== Stored entries ==
"""

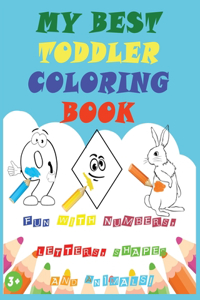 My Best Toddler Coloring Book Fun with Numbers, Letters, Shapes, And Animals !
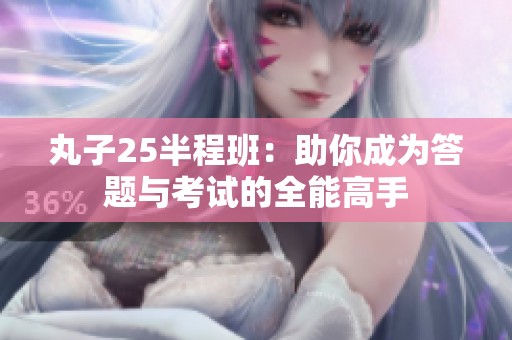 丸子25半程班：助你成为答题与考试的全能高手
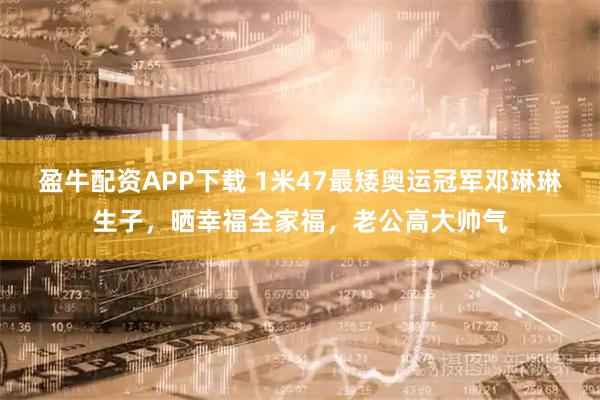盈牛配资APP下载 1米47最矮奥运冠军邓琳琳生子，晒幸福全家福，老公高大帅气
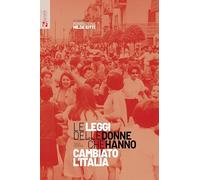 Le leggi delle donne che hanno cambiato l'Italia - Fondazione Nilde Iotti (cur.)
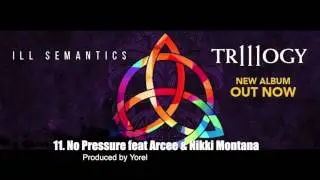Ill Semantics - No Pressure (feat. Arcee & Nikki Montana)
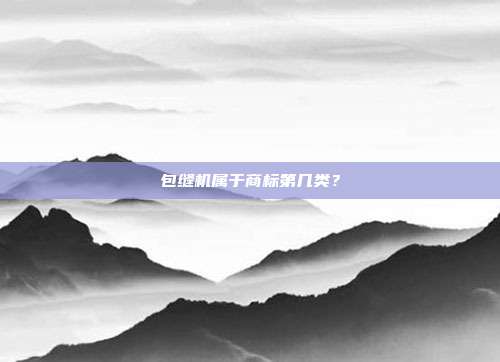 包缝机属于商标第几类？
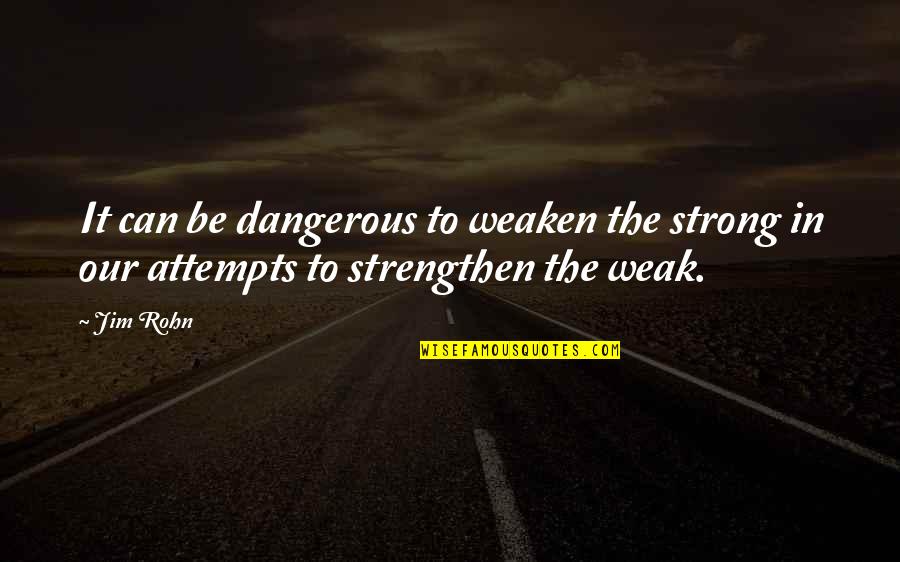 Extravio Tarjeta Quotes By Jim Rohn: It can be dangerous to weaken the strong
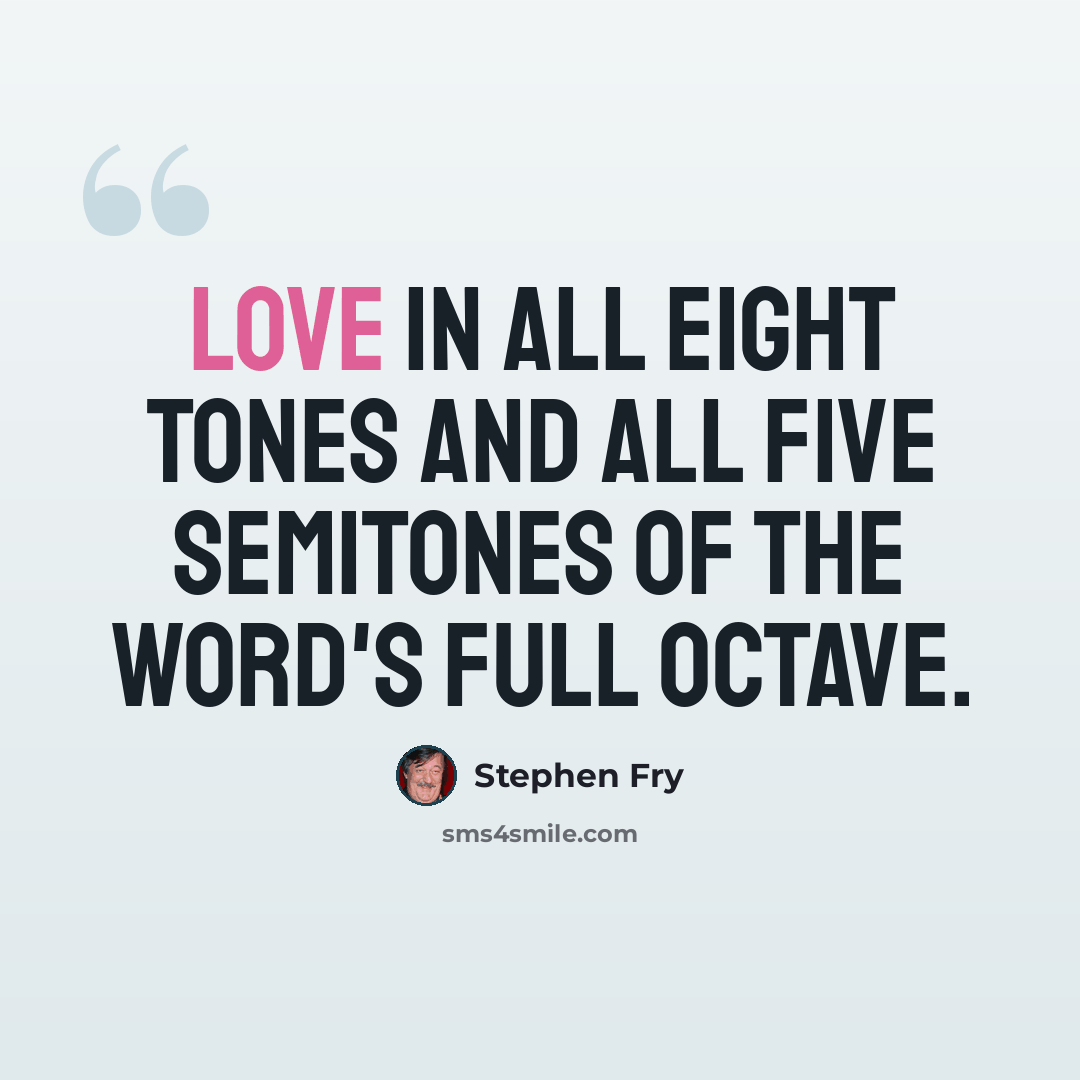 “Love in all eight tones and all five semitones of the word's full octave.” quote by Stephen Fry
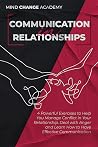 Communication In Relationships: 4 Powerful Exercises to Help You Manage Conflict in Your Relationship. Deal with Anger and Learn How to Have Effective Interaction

"""

== Task description ==
The entries above are to be printed again word for word, with every picture removed.

== Answer area ==
 My Best Toddler Coloring Book Fun with Numbers, Letters, Shapes, And Animals !
 丸子25半程班：助你成为答题与考试的全能高手
盈牛配资APP下载 1米47最矮奥运冠军邓琳琳生子，晒幸福全家福，老公高大帅气
 Le leggi delle donne che hanno cambiato l'Italia - Fondazione Nilde Iotti (cur.)
Ill Semantics - No Pressure (feat. Arcee & Nikki Montana)
 包缝机属于商标第几类？
 Extravio Tarjeta Quotes By Jim Rohn: It can be dangerous to weaken the strong
 “Love in all eight tones and all five semitones of the word's full octave.” quote by Stephen Fry
 Communication In Relationships: 4 Powerful Exercises to Help You Manage Conflict in Your Relationship. Deal with Anger and Learn How to Have Effective Interaction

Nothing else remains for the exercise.